Festival budaya PVF itu diselenggarakan oleh masyarakat bersama Pemerintah Kabupaten Bangli serta pengelola Desa Wisata Penglipuran dan telah memasuki tahun ke-7, “Dalam program Bali Recovery, Kemenparekraf selain memberikan dukungan pada event PVF juga pada Festival Kintamani dalam upaya meningkatkan kualitas serta citra pariwisata di Kabupaten Bangli dalam upaya meningkatkan kunjungan wisatawan,” katanya.

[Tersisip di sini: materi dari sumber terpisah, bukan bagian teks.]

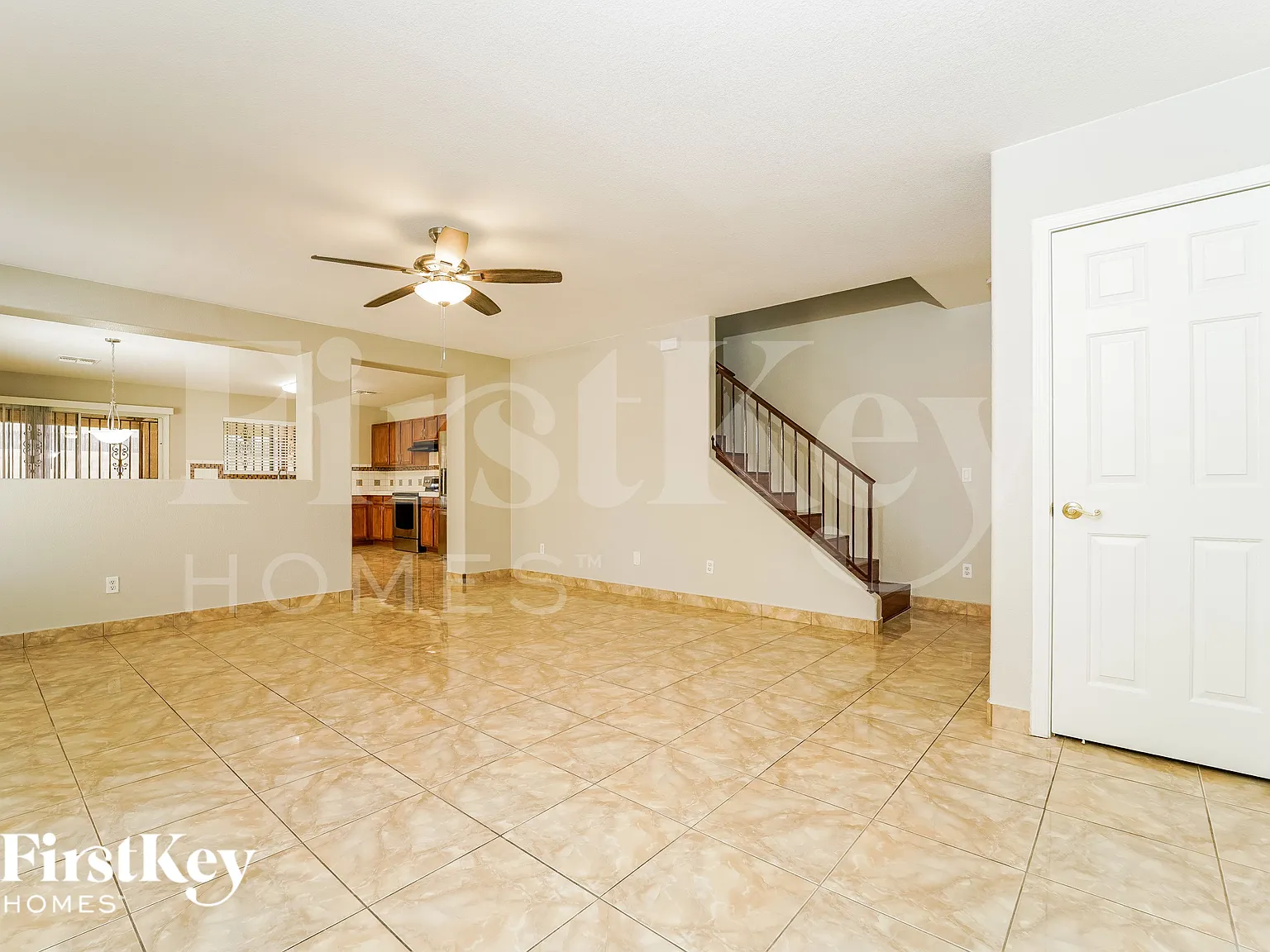 3 bed, 2.5 bath, 1855 sqft, $2,030 — Photo 3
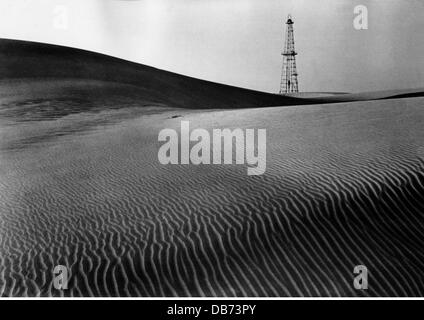 Énergie, pétrole, derrick de forage, champ pétrolifère de Burgan, Koweït, 31.10.1951, droits additionnels-Clearences-non disponible Banque D'Images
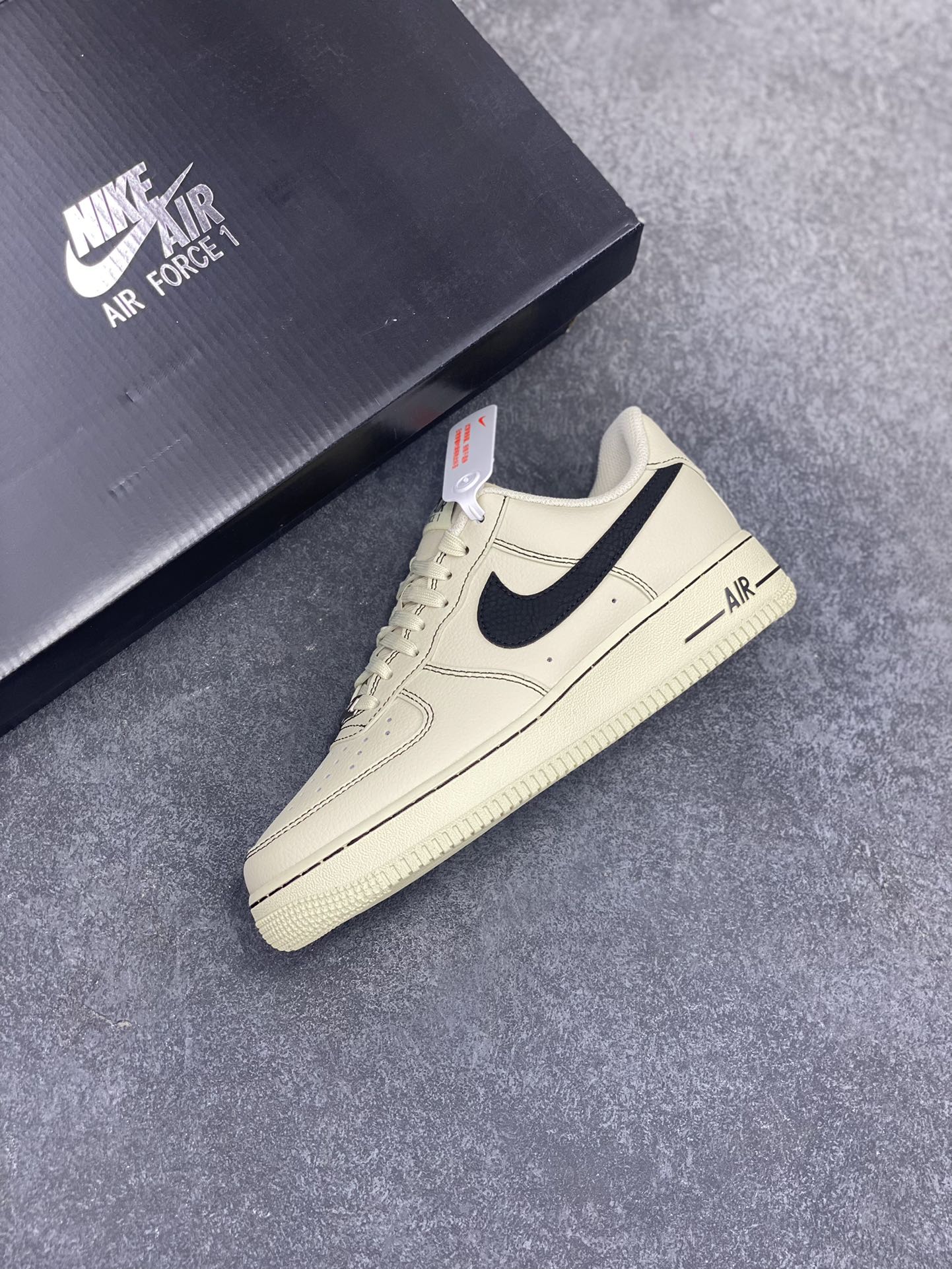 图片[7]-HY版本💯 Nike Air Force 1 Low 白黑 原楦头原纸板 打造纯正空军版型 专注外贸渠道 全掌内置蜂窝气垫 原盒配件 原厂中底钢印、拉帮完美 货号：HQ2037-200 尺码：36 36.5 37.5 38 38.5 39 40 40.5 41 42 42.5 43 44 44.5 45 46-选品中心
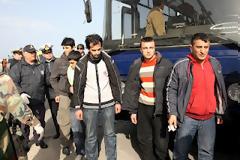 Φωλιάζουν ξανά μετανάστες στο δάσος της Ηγουμενίτσας!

Ia menjelaskan, festival harus diartikan sebagai salah satu bentuk investasi untuk mengenalkan destinasi ke dunia internasional. Namun harus dilakukan secara konsisten dan dengan waktu yang sudah pasti, “Pengalaman menunjukan bahwa suatu festival harus dipastikan tempat, waktu, dan berbagai agendanya setahun sebelum hari H,” kata I Gde Pitana.
Pelaksanaan sebuah festival, kata Pitana, haruslah mempunyai visi yang pada ujungnya adalah untuk kesejahteraan masyarakat. Oleh karena itu, sebuah festival yang penuh dengan nilai kreativitas yang tinggi, dengan nilai budaya yang harus bisa dikonversi menjadi kesejahteraan masyarakat.
Kesejahteraan ini bukan saja sifatnya sementara, melainkan harus berkelanjutan sehingga festival bisa menjadi sesuatu yang bernilai ekonomi.
Penglipuran memang bisa menjadi contoh, bagaimana desa wisata dibangun. Prestasinya pun berderet. Pada 2016 Penglipuran terpilih sebagai desa terbersih ke-3 dunia versi majalah internasional Boombastic. Pada 2017 mendapat penghargaan Indonesia Sustainable Tourism Award (ISTA).
Lalu pada 2017 menjadi peringkat terbaik untuk kategori pelestarian budaya. Penghargaan terbaru, Penglipuran dan Pemuteran masuk dalam Sustainable Destinations Top 100 versi Green Destinations Foundation.
PVF diselenggarakan setiap akhir tahun dirangkaikan dengan penyambutan tahun baru. Rangkaian kegiatan PVF 2019 antara lain pembukaan yang menampilkan Parade Pakaian Adat Bali Tempo Dulu, Barong Ngelawang, dan Parade Seni Budaya lainnya, serta aneka lomba.